A small oil producer can thrive in today’s market if production growth targets become far less important than generating free cash and earning returns. Bigger is not always better.
Our focus is on small properties that can provide big returns. This opportunity exists because many of these properties have been disproportionally discounted with the decline in oil prices. Oil has gone from roughly $100 per barrel to $50 per barrel, however many of these smaller non-core or neglected properties have gone from $100,000 per flowing barrel to $10,000 per flowing barrel. It’s a Buyer’s Market.
In addition to this, further benefits will be derived through the reduction of costs across all aspects of operations in combination with improved performance through new technologies. The oil industry has been forced to re-examine every aspect of the value proposition, the result of which is that in many cases these properties are more economic today than they were at $100 oil. We pay less and get more.

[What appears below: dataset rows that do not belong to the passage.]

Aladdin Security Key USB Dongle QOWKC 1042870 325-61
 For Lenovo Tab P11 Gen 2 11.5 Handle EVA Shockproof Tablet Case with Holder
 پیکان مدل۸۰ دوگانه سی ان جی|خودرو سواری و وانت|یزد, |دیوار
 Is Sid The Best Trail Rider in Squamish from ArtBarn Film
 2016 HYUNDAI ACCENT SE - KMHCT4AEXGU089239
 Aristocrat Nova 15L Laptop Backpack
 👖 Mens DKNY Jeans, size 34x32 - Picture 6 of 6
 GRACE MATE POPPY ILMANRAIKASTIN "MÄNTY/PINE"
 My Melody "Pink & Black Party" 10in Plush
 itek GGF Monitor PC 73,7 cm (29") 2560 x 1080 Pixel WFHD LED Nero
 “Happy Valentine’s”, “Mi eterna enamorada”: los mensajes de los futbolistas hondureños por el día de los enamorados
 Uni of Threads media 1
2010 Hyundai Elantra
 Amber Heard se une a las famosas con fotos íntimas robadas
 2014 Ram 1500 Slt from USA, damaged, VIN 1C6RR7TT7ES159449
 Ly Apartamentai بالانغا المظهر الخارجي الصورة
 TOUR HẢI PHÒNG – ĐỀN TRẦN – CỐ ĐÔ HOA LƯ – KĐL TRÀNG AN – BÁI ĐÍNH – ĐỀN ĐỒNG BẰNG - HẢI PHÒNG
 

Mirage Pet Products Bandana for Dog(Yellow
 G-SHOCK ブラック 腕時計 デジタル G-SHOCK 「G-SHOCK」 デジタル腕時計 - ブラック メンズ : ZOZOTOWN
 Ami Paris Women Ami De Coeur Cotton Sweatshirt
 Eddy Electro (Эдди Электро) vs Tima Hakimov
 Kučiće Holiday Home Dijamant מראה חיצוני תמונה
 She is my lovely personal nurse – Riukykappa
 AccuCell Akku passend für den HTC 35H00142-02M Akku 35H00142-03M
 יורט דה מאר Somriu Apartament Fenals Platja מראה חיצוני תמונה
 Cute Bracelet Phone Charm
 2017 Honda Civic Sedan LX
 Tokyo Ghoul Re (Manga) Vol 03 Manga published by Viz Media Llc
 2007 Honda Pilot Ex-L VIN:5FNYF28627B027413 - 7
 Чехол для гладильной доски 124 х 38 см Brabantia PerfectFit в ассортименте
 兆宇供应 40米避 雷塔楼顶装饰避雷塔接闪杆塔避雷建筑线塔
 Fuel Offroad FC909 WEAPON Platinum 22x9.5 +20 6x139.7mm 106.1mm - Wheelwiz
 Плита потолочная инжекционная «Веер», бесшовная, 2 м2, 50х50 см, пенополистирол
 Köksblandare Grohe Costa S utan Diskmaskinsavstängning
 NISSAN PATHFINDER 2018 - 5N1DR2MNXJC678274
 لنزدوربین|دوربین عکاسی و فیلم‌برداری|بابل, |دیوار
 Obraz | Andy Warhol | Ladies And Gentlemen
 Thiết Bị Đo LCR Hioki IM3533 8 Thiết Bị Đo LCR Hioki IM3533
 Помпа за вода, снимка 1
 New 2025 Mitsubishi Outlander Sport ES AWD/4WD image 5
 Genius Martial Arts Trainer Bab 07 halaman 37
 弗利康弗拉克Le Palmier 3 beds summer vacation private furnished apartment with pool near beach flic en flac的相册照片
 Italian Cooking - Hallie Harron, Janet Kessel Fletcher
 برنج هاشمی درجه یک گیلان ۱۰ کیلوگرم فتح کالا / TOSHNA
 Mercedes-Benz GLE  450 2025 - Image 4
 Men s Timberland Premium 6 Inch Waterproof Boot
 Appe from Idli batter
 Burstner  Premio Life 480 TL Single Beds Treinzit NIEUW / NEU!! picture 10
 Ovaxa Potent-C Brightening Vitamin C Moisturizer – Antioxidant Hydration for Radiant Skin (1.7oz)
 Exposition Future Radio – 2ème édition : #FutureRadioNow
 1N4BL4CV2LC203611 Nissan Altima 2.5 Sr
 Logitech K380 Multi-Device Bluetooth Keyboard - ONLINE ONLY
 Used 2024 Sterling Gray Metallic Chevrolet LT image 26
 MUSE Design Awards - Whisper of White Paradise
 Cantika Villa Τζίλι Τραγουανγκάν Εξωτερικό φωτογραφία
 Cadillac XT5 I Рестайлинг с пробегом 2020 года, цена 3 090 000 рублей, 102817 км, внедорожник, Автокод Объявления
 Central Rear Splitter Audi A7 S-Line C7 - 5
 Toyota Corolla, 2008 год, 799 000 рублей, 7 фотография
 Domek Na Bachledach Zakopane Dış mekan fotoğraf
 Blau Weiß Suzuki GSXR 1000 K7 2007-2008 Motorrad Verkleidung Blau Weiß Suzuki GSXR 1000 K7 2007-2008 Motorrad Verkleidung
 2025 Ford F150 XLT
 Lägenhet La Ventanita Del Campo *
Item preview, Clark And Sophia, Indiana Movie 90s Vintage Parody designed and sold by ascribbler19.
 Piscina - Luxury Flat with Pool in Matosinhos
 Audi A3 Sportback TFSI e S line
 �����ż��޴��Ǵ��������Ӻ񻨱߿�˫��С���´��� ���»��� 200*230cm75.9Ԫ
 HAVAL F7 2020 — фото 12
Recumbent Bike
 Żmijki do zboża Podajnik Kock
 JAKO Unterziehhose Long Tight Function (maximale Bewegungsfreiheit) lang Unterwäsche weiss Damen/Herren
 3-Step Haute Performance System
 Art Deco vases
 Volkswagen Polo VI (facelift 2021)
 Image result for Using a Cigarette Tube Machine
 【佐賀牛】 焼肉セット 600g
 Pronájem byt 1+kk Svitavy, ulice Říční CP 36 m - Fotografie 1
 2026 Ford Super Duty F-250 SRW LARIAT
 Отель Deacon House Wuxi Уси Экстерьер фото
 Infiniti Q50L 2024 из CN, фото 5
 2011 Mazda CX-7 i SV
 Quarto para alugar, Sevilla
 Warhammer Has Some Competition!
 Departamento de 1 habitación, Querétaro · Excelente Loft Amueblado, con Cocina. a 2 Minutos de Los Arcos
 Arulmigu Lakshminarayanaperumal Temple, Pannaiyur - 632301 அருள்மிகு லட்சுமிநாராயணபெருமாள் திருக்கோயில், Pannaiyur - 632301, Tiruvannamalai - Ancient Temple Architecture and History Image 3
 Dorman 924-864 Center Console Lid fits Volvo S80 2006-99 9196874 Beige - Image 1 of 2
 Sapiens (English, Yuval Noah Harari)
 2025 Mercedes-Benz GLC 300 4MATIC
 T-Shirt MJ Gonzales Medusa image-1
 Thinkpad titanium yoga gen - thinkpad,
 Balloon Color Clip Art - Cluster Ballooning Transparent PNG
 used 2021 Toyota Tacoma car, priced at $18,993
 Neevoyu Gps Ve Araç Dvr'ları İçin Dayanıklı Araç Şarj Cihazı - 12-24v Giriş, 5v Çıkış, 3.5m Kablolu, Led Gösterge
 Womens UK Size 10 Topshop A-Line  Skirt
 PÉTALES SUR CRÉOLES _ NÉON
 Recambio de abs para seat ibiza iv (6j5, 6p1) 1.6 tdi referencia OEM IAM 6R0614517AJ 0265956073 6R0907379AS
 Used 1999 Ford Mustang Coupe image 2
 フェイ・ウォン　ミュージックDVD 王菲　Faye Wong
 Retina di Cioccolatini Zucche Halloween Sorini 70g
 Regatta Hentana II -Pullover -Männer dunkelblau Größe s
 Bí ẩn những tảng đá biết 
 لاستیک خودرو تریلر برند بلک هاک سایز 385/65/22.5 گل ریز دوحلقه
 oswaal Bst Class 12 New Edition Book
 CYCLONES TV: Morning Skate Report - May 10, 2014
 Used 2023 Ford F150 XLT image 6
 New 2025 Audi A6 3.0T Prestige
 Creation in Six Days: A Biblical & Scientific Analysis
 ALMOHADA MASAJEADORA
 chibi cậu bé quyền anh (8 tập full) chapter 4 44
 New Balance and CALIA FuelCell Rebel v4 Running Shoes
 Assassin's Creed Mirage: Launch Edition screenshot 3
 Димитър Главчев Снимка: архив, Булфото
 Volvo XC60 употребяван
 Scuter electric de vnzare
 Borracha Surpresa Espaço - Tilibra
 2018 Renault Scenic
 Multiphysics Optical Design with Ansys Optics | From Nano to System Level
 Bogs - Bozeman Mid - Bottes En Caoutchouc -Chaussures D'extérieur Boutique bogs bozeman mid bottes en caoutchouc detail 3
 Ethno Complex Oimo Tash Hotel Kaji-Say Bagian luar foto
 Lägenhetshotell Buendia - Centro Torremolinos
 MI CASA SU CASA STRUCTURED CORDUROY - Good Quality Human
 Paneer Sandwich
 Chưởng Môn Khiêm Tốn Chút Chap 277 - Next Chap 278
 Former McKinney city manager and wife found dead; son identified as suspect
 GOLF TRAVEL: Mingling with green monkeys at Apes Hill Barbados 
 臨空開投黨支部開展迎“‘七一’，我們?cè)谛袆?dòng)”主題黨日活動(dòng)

The point is that we do not have to wait for oil prices to go back up in order to achieve our objective. All of our increase in value will come from buying or drilling for properties in an environment of sub $50.00 oil. We know that in the current market we will be able to purchase undervalued assets or find conventional assets and develop them for less than $20.00 per barrel. If the price of oil goes back up to $60 or $70 per barrel within the next two years as the pundits predict its all upside for us but we are not relying on that to establish our objective.